5.5Termination for Insolvency.  In the event that either Party hereto shall (i) file a petition in bankruptcy, (ii) become or be declared insolvent, or become the subject of any proceedings (not dismissed within [*]) related to its liquidation, insolvency or the appointment of a receiver, (iii) make an assignment on behalf of all or substantially all of its creditors, or (iv) take any corporate action for its winding up or dissolution, then the other Party shall have the right to terminate this Agreement by providing written notice to such Party.

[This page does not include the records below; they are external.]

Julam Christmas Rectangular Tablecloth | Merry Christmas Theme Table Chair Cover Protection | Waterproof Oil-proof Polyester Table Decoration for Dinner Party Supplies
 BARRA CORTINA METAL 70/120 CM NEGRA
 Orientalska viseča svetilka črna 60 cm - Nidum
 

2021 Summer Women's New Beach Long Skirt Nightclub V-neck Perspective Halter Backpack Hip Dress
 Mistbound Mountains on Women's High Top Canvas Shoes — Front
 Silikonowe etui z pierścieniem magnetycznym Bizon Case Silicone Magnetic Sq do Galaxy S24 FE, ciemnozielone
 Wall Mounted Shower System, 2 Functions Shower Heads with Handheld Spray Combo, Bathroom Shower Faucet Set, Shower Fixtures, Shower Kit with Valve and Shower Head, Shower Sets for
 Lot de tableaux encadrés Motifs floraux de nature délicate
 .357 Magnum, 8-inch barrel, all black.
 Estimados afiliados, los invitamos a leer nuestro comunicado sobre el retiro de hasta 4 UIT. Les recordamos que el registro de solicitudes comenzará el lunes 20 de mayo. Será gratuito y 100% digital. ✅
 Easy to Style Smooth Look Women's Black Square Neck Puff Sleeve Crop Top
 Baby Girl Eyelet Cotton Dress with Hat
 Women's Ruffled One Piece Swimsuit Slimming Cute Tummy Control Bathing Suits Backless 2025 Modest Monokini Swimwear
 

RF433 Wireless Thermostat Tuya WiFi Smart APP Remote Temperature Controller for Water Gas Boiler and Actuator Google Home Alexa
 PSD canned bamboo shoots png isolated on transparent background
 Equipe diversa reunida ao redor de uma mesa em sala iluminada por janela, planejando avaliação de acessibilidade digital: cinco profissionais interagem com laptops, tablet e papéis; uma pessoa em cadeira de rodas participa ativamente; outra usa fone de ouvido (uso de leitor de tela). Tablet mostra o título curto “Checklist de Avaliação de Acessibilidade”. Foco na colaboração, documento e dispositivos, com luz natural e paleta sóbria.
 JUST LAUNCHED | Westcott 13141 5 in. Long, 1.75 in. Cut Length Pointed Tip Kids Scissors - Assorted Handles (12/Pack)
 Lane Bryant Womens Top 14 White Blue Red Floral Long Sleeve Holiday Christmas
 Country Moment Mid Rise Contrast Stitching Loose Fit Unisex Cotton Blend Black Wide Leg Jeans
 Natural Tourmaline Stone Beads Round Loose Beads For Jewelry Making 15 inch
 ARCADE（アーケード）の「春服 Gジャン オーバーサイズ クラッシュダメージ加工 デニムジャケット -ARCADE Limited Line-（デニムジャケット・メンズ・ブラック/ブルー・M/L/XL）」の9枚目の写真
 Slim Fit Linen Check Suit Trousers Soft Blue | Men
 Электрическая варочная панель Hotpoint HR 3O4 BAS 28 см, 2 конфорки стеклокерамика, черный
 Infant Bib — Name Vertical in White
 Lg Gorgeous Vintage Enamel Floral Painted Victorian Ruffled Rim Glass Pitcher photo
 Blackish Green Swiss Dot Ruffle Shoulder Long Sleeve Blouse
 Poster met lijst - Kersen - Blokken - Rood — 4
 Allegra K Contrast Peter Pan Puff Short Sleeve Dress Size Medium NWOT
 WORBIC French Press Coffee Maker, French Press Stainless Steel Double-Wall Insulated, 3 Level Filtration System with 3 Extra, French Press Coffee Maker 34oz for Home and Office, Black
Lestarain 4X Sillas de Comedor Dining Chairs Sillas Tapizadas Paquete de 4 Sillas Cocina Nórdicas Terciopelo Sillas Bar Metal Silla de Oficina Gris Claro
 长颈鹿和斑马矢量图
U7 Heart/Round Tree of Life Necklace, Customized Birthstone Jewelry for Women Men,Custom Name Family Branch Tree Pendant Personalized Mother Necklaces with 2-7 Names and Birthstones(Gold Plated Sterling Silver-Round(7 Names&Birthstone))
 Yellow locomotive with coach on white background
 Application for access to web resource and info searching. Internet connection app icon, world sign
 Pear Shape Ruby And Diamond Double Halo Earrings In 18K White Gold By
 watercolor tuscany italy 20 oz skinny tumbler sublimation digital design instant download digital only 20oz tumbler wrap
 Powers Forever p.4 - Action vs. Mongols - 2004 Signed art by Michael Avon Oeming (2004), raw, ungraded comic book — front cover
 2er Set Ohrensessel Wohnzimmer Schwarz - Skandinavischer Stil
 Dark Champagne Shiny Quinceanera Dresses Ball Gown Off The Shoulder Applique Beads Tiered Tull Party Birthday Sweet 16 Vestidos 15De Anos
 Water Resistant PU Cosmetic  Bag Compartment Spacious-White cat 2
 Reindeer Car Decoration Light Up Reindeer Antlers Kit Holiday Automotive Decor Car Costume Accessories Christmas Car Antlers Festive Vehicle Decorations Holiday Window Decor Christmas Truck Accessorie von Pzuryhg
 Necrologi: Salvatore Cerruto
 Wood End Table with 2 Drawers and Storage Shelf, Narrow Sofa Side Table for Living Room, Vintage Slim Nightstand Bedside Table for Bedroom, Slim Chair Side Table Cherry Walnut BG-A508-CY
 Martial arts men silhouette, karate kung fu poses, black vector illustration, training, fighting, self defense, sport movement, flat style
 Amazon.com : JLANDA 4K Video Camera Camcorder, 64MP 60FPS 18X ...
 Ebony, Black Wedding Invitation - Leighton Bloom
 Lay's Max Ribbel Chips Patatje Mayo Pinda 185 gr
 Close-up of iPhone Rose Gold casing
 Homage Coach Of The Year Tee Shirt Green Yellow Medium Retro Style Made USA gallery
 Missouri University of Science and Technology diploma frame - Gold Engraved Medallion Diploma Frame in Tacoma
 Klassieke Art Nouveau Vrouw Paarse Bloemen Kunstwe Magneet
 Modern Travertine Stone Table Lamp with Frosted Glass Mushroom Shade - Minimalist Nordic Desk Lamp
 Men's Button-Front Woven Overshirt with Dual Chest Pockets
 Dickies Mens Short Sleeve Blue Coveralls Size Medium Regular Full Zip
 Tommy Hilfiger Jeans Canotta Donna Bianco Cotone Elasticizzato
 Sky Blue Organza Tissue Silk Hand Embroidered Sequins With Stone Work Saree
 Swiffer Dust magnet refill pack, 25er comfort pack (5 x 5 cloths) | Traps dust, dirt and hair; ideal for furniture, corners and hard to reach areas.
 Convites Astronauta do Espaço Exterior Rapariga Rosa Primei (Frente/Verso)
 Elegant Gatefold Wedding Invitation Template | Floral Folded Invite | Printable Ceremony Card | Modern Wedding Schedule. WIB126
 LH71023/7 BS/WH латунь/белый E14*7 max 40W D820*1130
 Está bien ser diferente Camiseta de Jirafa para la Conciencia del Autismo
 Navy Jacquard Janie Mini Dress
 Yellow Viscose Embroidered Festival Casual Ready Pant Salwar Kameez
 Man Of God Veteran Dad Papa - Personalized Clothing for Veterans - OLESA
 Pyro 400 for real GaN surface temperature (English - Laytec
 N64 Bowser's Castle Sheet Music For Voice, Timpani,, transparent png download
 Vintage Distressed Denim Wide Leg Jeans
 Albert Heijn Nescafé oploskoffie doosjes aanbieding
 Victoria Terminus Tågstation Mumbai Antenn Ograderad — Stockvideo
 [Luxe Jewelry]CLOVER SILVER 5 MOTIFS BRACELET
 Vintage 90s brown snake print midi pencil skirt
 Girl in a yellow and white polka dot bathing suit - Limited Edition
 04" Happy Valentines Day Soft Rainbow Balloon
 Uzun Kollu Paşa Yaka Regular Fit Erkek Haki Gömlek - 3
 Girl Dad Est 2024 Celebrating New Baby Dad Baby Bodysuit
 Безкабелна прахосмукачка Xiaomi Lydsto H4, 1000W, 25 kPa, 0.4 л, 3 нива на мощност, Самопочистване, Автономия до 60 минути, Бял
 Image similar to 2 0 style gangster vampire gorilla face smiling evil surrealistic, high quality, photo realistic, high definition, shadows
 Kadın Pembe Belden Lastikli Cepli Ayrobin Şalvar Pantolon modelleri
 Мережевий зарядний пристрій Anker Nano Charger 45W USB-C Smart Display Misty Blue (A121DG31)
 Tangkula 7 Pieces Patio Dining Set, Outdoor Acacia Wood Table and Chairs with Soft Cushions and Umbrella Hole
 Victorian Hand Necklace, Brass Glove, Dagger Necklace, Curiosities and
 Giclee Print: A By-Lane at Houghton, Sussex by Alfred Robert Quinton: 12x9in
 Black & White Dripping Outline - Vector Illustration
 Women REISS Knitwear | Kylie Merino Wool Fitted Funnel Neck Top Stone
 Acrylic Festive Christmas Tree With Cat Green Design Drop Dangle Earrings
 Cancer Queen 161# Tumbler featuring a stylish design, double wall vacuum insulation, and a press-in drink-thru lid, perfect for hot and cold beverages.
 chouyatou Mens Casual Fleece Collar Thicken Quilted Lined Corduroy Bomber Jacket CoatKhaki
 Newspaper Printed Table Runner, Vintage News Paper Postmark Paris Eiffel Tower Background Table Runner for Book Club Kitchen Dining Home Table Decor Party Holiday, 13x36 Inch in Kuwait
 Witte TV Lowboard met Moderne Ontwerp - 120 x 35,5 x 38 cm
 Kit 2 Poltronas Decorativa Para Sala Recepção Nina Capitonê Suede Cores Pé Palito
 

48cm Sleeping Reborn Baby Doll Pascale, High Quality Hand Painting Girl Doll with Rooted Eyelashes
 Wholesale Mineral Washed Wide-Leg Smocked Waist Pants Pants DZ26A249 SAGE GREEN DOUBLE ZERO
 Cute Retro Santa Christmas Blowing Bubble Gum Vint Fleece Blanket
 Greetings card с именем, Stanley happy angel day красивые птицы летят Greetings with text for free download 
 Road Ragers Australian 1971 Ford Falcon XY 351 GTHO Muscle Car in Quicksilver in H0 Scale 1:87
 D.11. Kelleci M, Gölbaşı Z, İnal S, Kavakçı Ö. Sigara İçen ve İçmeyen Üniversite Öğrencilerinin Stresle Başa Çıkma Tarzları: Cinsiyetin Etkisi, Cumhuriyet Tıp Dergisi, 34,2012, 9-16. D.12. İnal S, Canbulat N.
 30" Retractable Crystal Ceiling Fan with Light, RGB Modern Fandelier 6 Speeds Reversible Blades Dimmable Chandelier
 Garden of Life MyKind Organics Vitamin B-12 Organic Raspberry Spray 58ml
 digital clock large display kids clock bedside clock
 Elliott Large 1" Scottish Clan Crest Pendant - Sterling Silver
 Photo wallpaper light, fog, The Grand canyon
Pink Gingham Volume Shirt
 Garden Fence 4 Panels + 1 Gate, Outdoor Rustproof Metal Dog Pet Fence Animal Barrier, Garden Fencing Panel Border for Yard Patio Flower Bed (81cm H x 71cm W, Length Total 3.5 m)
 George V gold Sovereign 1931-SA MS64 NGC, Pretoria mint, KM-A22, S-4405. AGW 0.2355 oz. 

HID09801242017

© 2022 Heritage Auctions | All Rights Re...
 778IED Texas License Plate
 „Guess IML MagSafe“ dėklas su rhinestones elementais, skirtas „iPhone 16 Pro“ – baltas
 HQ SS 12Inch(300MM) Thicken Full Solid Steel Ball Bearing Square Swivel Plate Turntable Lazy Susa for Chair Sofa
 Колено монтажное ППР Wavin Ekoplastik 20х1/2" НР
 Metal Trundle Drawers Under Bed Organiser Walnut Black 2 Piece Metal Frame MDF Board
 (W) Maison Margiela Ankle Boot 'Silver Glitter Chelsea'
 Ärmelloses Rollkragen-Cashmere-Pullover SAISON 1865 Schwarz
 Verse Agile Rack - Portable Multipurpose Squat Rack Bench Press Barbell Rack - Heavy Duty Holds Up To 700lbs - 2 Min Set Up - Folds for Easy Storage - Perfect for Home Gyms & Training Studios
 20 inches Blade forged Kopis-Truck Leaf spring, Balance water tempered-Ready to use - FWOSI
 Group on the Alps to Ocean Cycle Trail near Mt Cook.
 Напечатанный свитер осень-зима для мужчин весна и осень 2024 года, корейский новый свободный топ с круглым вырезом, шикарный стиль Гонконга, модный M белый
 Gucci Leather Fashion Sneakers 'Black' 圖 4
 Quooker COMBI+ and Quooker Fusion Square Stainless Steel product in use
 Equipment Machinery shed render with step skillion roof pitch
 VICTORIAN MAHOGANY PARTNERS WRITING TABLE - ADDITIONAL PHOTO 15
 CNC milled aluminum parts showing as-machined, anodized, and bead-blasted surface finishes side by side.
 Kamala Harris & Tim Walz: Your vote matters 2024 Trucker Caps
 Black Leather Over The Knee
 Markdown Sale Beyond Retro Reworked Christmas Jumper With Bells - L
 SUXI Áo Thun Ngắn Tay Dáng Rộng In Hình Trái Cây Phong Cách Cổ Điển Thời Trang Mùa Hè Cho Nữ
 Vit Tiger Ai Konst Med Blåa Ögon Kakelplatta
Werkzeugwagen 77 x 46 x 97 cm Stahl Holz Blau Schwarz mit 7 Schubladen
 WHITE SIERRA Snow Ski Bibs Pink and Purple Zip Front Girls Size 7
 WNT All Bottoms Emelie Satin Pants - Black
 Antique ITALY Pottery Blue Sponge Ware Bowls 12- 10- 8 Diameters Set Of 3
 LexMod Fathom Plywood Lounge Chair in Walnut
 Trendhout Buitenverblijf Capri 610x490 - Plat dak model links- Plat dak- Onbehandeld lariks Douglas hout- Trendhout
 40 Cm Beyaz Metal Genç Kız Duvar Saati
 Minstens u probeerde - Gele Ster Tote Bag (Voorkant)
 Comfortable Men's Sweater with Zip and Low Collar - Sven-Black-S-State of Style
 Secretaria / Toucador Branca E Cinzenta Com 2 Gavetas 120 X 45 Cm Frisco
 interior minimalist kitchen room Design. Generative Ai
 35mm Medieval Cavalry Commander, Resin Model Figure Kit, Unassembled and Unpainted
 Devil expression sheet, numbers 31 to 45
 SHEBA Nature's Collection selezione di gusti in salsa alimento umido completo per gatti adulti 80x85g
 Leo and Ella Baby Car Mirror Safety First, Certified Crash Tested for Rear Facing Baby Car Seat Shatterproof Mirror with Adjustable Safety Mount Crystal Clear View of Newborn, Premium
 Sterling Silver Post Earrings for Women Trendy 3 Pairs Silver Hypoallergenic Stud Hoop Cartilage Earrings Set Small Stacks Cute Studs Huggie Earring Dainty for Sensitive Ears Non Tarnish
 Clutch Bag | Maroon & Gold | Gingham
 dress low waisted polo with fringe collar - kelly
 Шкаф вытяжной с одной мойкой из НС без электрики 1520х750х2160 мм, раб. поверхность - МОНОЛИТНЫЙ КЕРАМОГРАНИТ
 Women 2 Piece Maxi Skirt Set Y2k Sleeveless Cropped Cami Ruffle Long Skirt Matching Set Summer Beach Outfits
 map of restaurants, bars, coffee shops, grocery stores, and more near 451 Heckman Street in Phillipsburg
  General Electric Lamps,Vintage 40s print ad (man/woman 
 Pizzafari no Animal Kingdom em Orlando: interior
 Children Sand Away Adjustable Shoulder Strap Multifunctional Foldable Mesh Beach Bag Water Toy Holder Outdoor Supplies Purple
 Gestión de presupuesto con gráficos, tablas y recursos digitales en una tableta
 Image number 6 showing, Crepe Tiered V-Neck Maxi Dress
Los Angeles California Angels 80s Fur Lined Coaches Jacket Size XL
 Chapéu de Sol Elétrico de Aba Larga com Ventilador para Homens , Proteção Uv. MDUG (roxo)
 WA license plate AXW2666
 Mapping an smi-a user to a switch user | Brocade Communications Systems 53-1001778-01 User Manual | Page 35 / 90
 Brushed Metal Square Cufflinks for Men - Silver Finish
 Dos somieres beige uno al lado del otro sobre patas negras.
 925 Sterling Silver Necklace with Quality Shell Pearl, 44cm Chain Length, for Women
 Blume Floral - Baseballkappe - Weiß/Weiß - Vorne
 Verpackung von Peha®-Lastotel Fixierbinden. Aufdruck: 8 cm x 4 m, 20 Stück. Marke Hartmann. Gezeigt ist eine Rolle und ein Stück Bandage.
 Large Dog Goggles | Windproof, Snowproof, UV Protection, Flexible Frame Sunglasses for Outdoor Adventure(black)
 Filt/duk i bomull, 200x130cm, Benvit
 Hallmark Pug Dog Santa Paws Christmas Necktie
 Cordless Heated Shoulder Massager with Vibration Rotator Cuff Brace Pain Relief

5.6Partial Termination.  In the event of any termination or expiration with respect to one or more of the Service(s), but not all of the Service(s), this Agreement will continue in full force and effect with respect to any Service(s) not terminated or expired in accordance with this Agreement.  Upon termination or expiration of this Agreement, or upon the termination or expiration of all of the Services in accordance with this Article 2, Passage will cease to perform the Services, and Gemma will pay to Passage all sums due to Passage pursuant to this Agreement for the Services.  Termination of this Agreement or termination or expiration of any Service in accordance with this Article 2 will not relieve either Party from its obligations or liabilities arising hereunder prior to the date of such termination or expiration, nor will it affect the rights of either Party with respect to any claims or damages it may have suffered as a result of any breach of this Agreement by the other Party.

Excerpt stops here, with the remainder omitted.